When Wesley Fiddler headed out to the shed on the north side of his basement apartment Wednesday morning, he noticed two very special items had gone missing.
© Herald photo by Alex Di Pietro
Wesley Fiddler sits on the steps outside of his basement apartment on Nineteenth Street East Wednesday. He is unable to leave the premises after his wheelchair and three-wheeled bicycle went missing.
The door to the shed was off its hinges, storage lay strewn on the ground and his wheelchair and three-wheeled bicycle were gone.
Those last two items are important to Fiddler. The 45-year-old suffered from a blood clot in his right leg that spread to his lungs nine years ago. He fell into a coma, and when he woke up after three months, he couldn’t feel his legs.
“My legs are all screwed up, and (with) my back — the discs and that are all squashed,” he said. “I use the wheelchair to go for walks and use the bike for exercise. That bike is probably about the only thing that’s keeping me living right now.”
With a very limited ability to walk, Fiddler relies on the bike to get exercise. He describes it as a three-wheeled Schwinn bike with the blue paint coming off. The wheelchair is black and has no feet.
“If I don’t keep exercising, my life is over. And I know that,” Fiddler said. “I can’t run, I can’t jog on the spot … I can’t really do anything standing up.”
Fiddler suspects his equipment was stolen during the night on Tuesday, because he had used it just a day prior to its disappearance.
“He’s a large man, so the wheelchair and bike are fit for him,” said Norman Geralds, a friend of Fiddler’s.
About two years ago, Geralds asked if Fiddler required assistance at his basement apartment at 146 19th St. E. He helps Fiddler take care of basic chores such as cooking, laundry and housekeeping.
Geralds normally takes the wheelchair out from the shed to help bring Fiddler for routine walks. He repaired the door to the shed and cleaned the mess inside and outside of it.

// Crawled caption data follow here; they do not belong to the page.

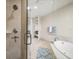 Bathroom with a glass enclosed shower and a view into the bedroom at 470 Mandalay Ave # 305, Clearwater Beach, FL 33767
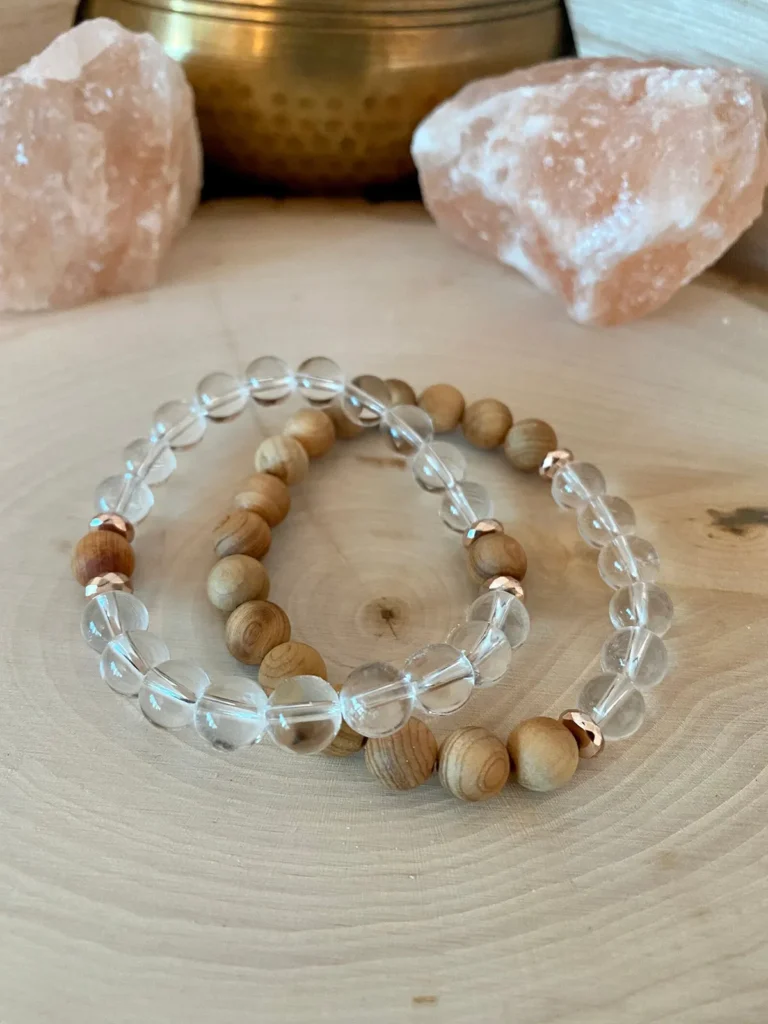 sheep zodiac meaning bracelet made with clear quartz and natural wood beads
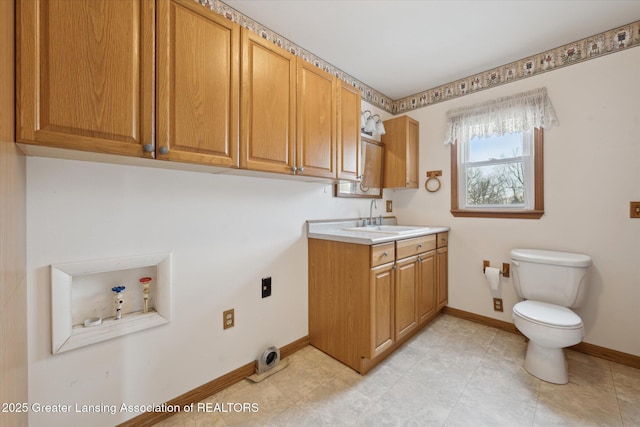 clothes washing area featuring washer hookup, sink, and cabinets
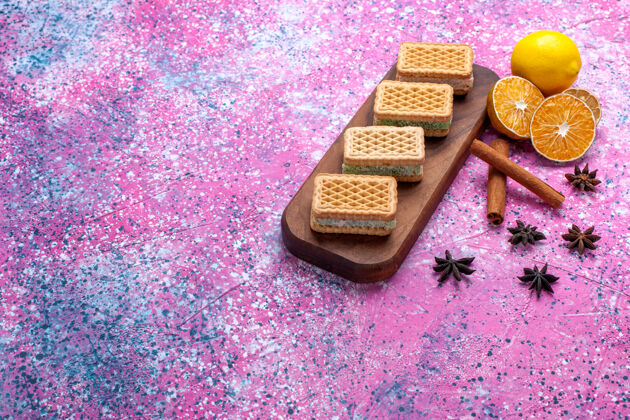 正面浅粉色书桌上有水果奶油填充的华夫饼干三明治糖果水果饼干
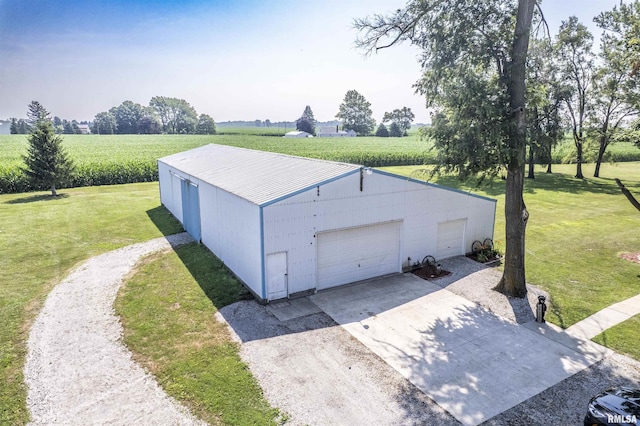 8373 State Route 93rd Rd, Toulon, IL 61483 - detached garage featuring agricultural plots, a view of countryside, and concrete driveway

“We were going to go for a walk this morning, and I went to check (the shed), and there was no bike, no wheelchair — nothing,” Geralds said on Wednesday. “I checked the neighbourhood and searched within a six-block radius. I went up and down the streets and in the back alleys.”
Unfortunately, Geralds was unable to retrieve the possessions.
“He’s totally housebound now,” Geralds said. “The best he can do now is sit on the back steps. He can go outside to walk, but he won’t get very far … It’s really brought his spirits down.”
As a person living off a disability wage, Fiddler said he can’t afford to buy a new wheelchair or bike. While he has alerted police about the missing property, Fiddler asks that anyone with information about its whereabouts contact him at 306-922-4446.